## Wednesday, July 21, 2010

### That crazy formula

I rarely consider mathematical formulas on their own to be beautiful things, but there is something quite special about one formula in particular, here it is:
e^i*pi + 1 = 0
The formula is saying 'if you rotate 1 by 180 degrees then you get -1'.
It is a very satisfying formula, it contains a plus, a multiply and a power, and it contains possibly the four most useful numbers in mathematics, 0, 1, pi and e.

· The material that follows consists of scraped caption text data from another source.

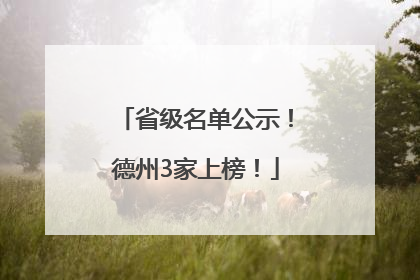 省级名单公示！德州3家上榜！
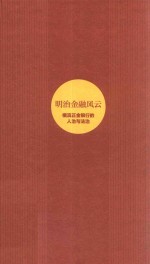 迟王明珠 — 明治金融风云：横滨正金银行的人治与法治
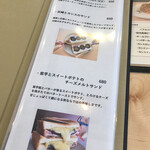 用户对于カフェアンドスペース ココノヴァ的评论图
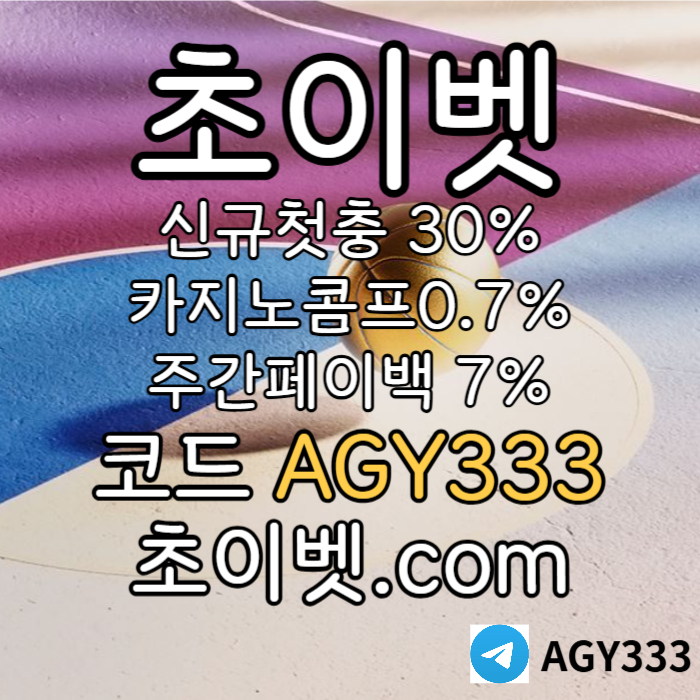 xcvfgbhnjmkl메이저카지노-초이벳먹튀없는-하이로우-토큰게임-메이저놀이터-안전놀이터002.jpg
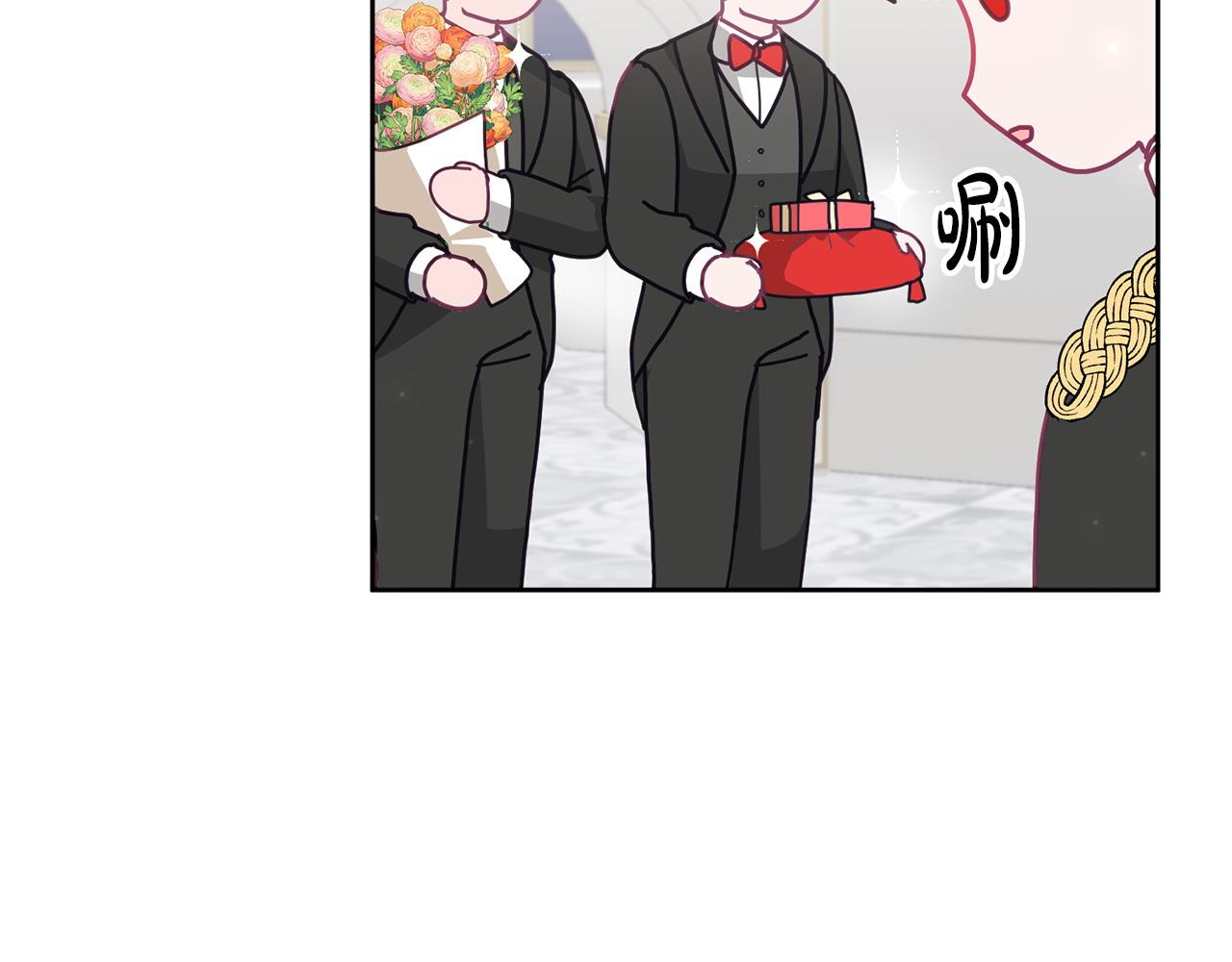 《鬼马千金驯服主角》第78话 大家的礼物 第27页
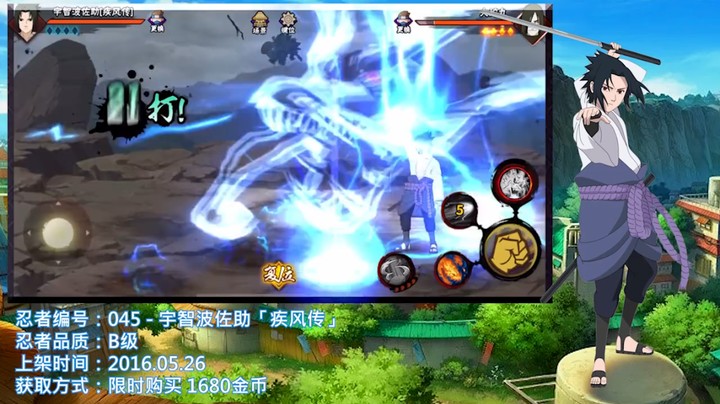 【火影忍者】极限连招 佐助 春野樱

Another reason why it is a special formula came to me yesterday when I was investigating how the units of measurements combine in formulas.
If we square a velocity (in metres per second) we get a value in square metres per second squared. So if you write the units as a vector [metres, seconds] then a velocity is [1, -1] and a velocity squared has units [1, -1]^2 = [2, -2].
What if you multiply two measurements together? What units do you get if you multiply a velocity by an acceleration? You get [1, -1]*[1, -2] = [2, -3].
Can you see the pattern? Well here it is... if you take a measurement to the power x then you multiply the units by x. If you multiply two measurements then you add the units together. It seems that the units operate one 'level' down from the operation on the measurements themselves.
To clarify this idea of a 'level' we need to look at hyper operators. Here they are:
a (1) b means a + b
a (2) b means a * b
a (3) b means a ^ b
So what seems to be the case is that the units of measurements A (n) B are a (n-1) b (where lower case means units of).

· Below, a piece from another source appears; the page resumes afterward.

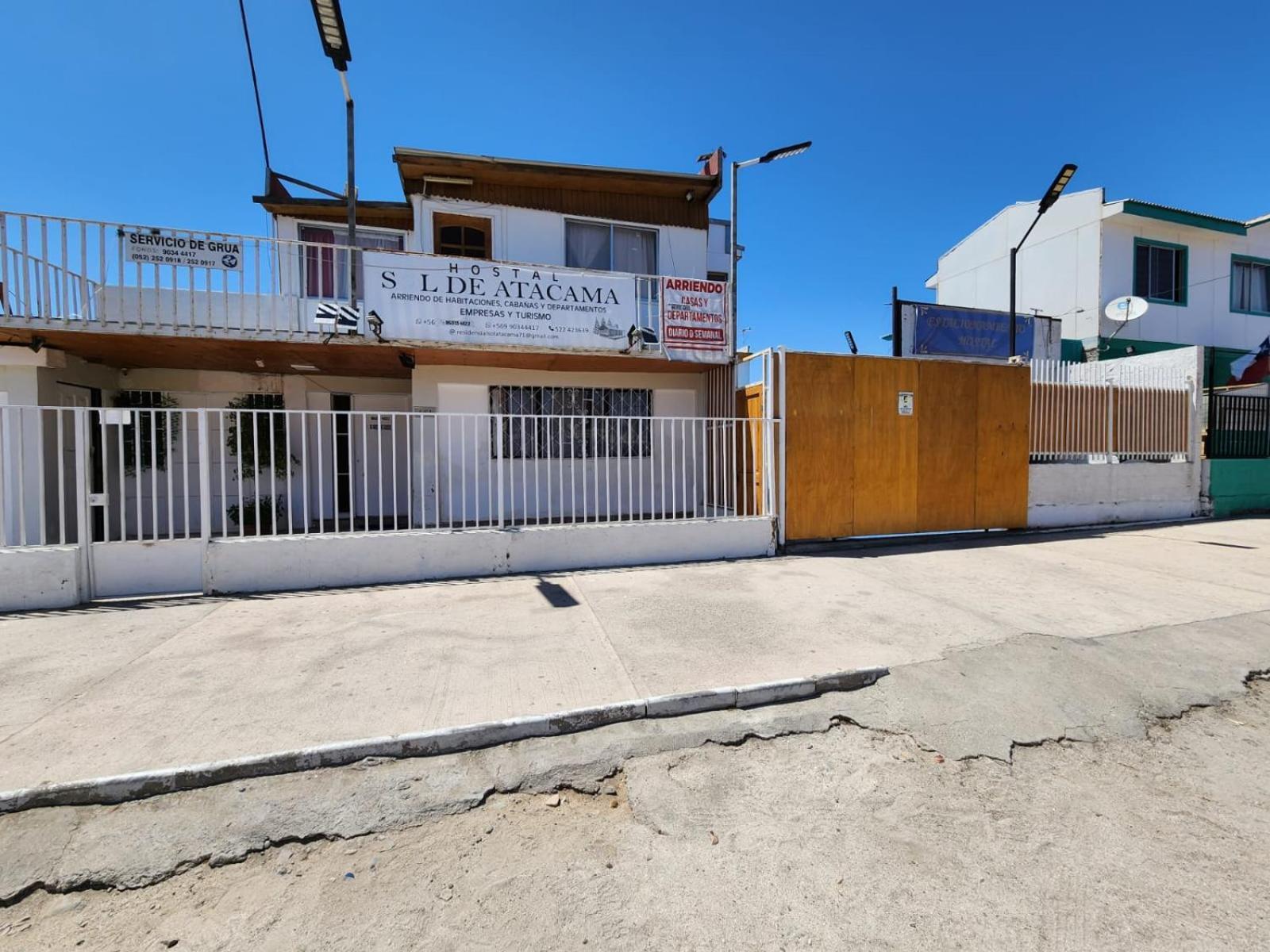 Hostal Sol Atacama -カルデラ エクステリア 写真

So what happens if you add two measurements together? what happens to the units? Well what are the units of a velocity plus a time? or a position plus a velocity? A tough question... you could say that the resulting measurement is unitless, but that is actually wrong, a gradient (e.g. height/width) is unitless. The sum of two measurements seems to be 'less than' unitless, unlike a unitless measurement which has a vector [0,0,..,0], the sum isn't even that, it isn't even the empty set because it isn't a set, it is just empty, void.
However, you can still sum measurements if they have the same units... an acceleration plus an acceleration still has units [1, -2].

This is interesting because it means that we have defined a (0) operator, not only that but it is different from the normal 0 hyper operator (which is succession), we have:
a (0) b = void if a different to b
a (0) b = a if a same as b (or it can equal b, same thing)
I like this new version of the 0 hyper operator (maybe we should call them ultra operators from now on), because a (0) b is a binary operator and is symmetrical.
The best part about this operator is that it has an obvious meaning that we use in every equation ever written, it is the equals operator! It is actually an important change to how '=' is interpreted. Rather than thinking of a=b being a boolean expression, it is numerical expression that either returns the equal value, or simply doesn't return. A bit like this:
operator = (a, b)
{
if (a==b)
return a;
}

Anyway, where was I? Oh yes, this brings me around to the other reason why the formula at the top of the page is special. If we write it using ultra operators it looks like this:
e (3) i (2) pi (1) 1 (0) 0

It is quite a simple formula wouldn't you agree?

It makes me wonder whether there is some more that can be learnt from it.